I’ll give it a try later!


----------



## Daner (Nov 13, 2020)

The beta from the US has worked fine with my MacBook Pro and EOS R here in Sweden. Looking forward to testing the new release.


----------



## COBRASoft (Nov 13, 2020)

This new version is not working on teams on my windows 10 computer with my eos r. The beta worked fine though.


----------



## ReflexVE (Nov 13, 2020)

Any word on if they've improved the resolution limits? On the M50 last time I used it I could only do 576p. It was a very good looking 576p, but it wasn't enough res for larger windows.

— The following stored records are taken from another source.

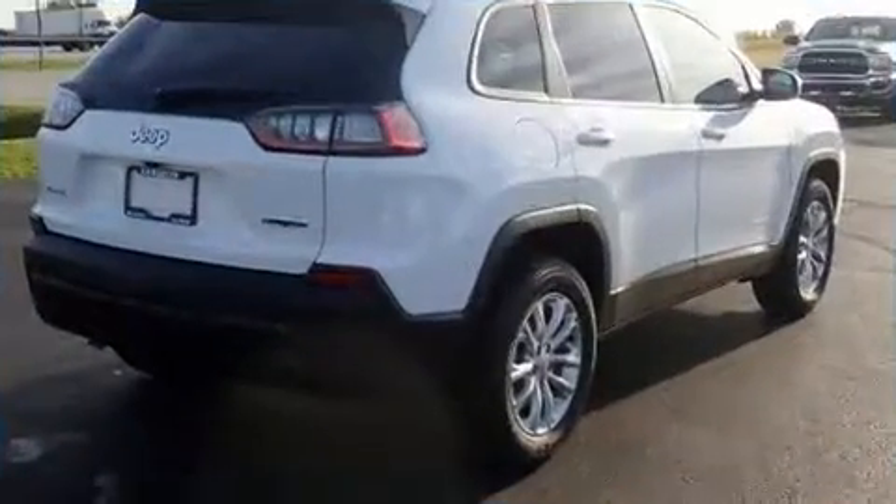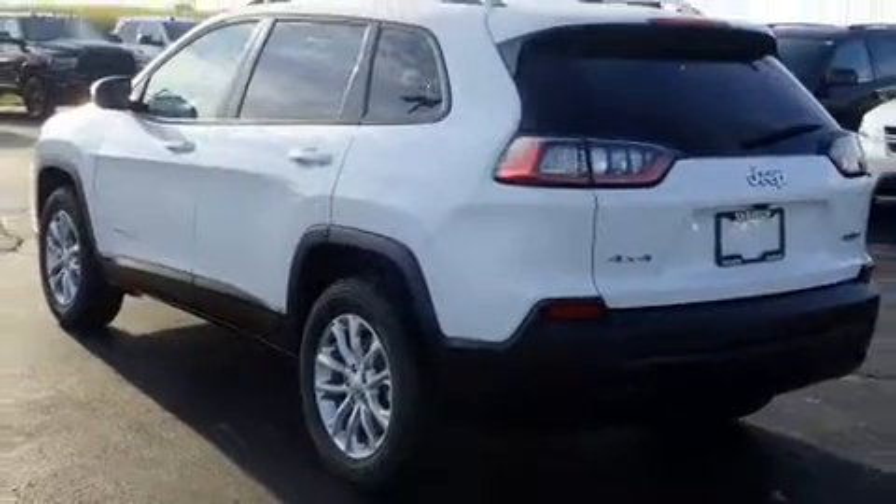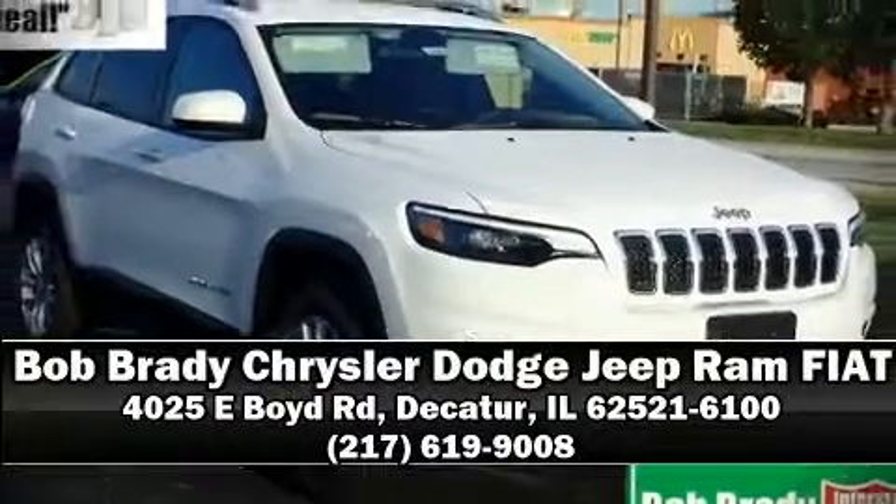Various mechanical systems are monitored by electronic stability control, keeping you on your intended path. Our knowledgeable sales staff is available to answer any questions that you might have. Call now to schedule a test drive.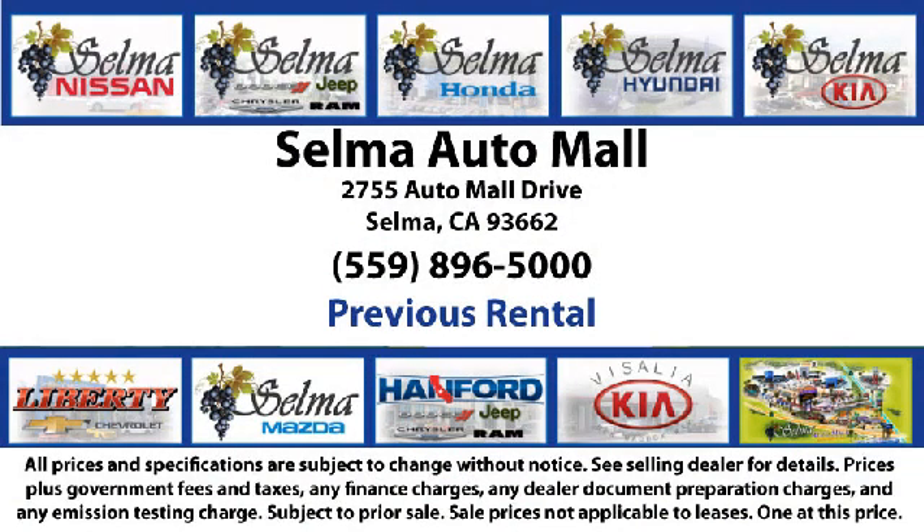So come see us today and let us show you why so many people choose the Selma Auto Mall as their preferred destination for buying a car. The Selma Auto Mall.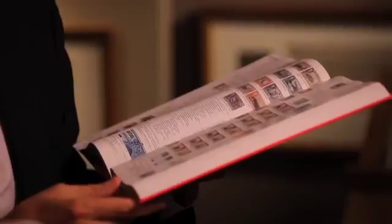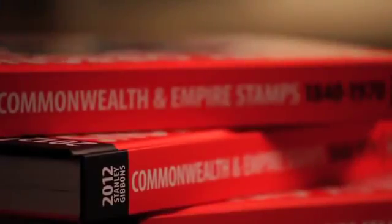I've been collecting for a good many years and I find it absolutely invaluable. For any collector, whether you're a beginner or a more experienced collector of Commonwealth stamps, it really is an essential addition to your bookshelf.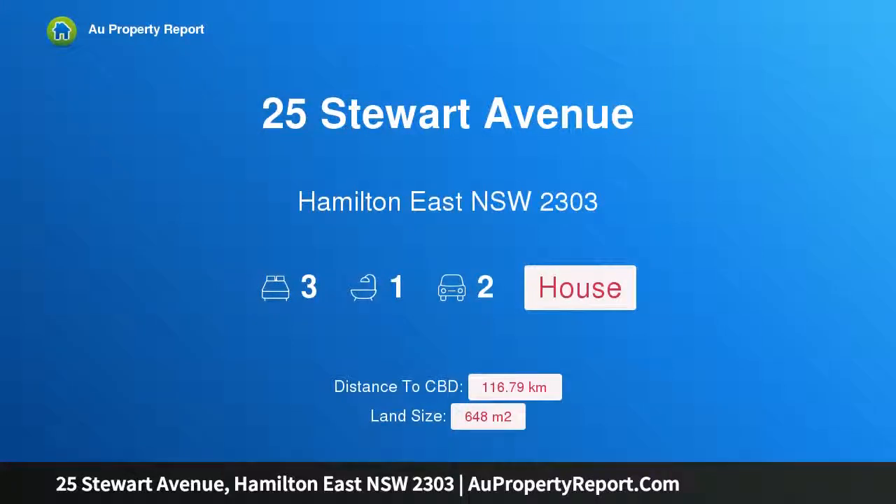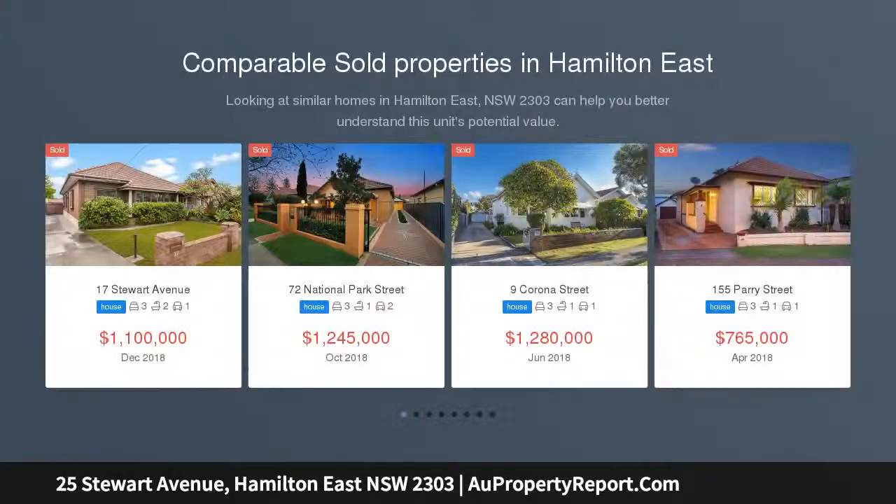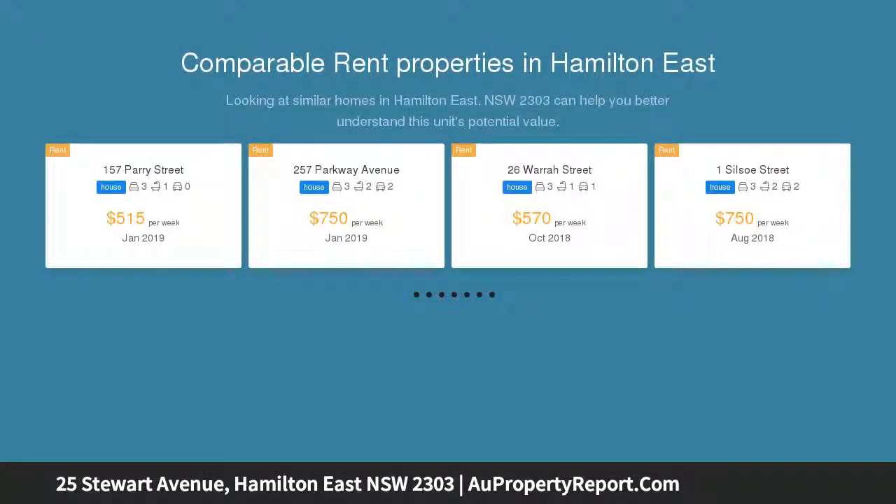I'm glad to introduce 25 Stuart Avenue, Hamilton East, New South Wales 2303 — a character-rich brick beauty with contemporary appeal in a handy location. Located for absolute convenience where you can walk or ride your bike to the beach and harbor, or to coffee and dining in the Junction or Derby and Beaumont Street.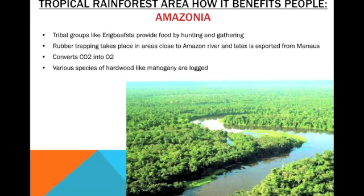It also converts carbon dioxide into oxygen, which is good for people. Lastly, various species of hardwood, like mahogany, are logged. Mahogany is a kind of wood which can be used to make really nice desks or cupboards — super nice wood. It allows people to make furniture out of hardwood like mahogany that can be logged from there.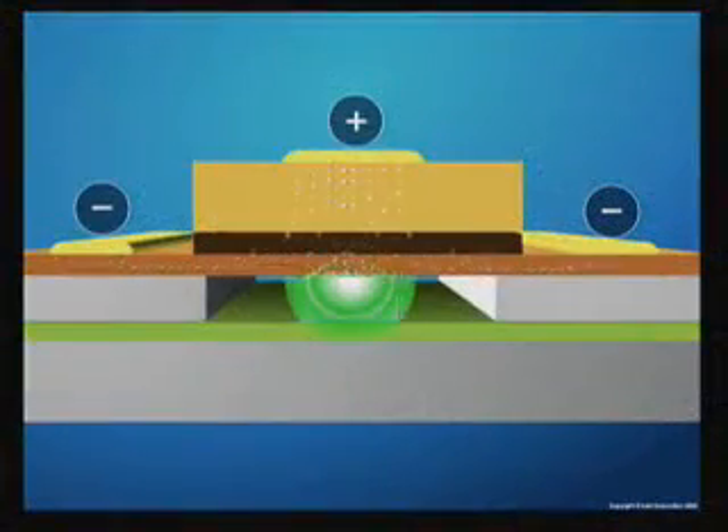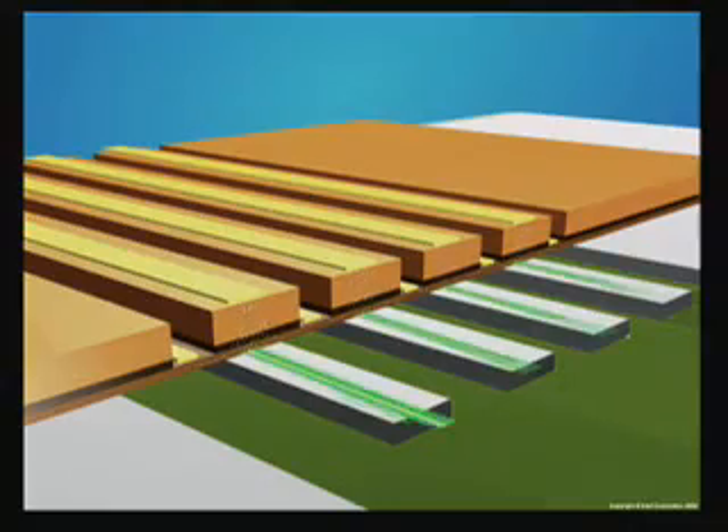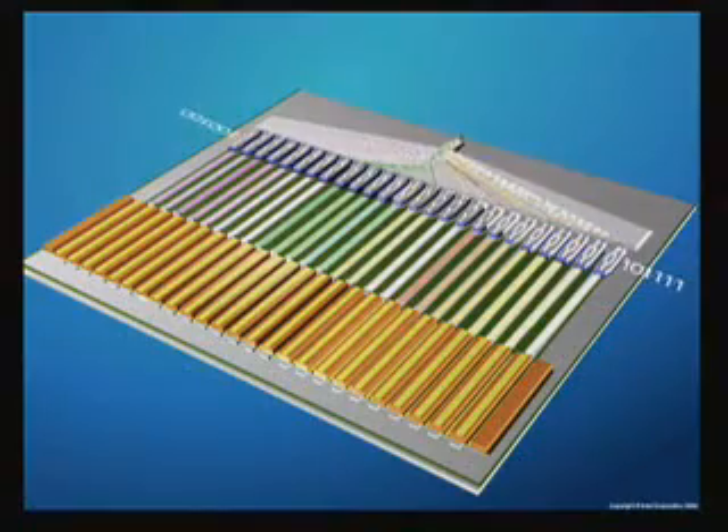This hybrid silicon laser solved the most vexing problem of creating a laser on silicon by using Indium Phosphide as the gain medium to emit the light, and silicon to provide the mirrors and the routing on a low-loss, low-cost platform.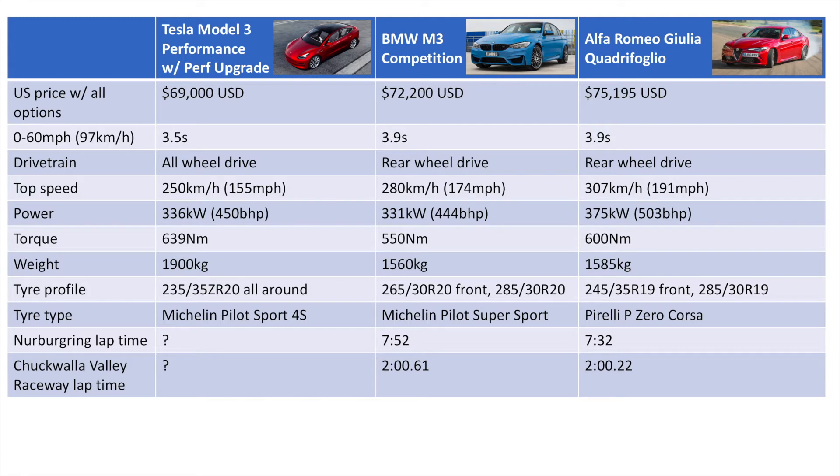Being an electric car, you also have that instant torque out of the corners, which is very useful on a tight and twisty racetrack. Top speed is slightly lower, which would only be a disadvantage on a track like the Nürburgring, as we'll get into later. In terms of power, it sits in the middle — slightly more powerful than the BMW, slightly less powerful than the Alfa, at 450 brake horsepower or 336 kilowatts.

Edit: I loaned my M50 to someone for a few months which is why I'm not able to check myself.


----------



## privatebydesign (Nov 14, 2020)

Downloaded the Mac version, which I hadn't bothered. Once you read the small print on OS limitations it is so limited as to be effectively worthless.


----------



## heretakis (Dec 8, 2020)

Why did canon change the aspect ration between EOSWebcamUtilityBeta-MAC0.9.0 and EOSWebcamUtility-MAC1.0 ? You are supposed to be supporting canon users, not crippling the features even further! As soon as I upgraded to the official mac version, 16:9 ratio stopped working!


----------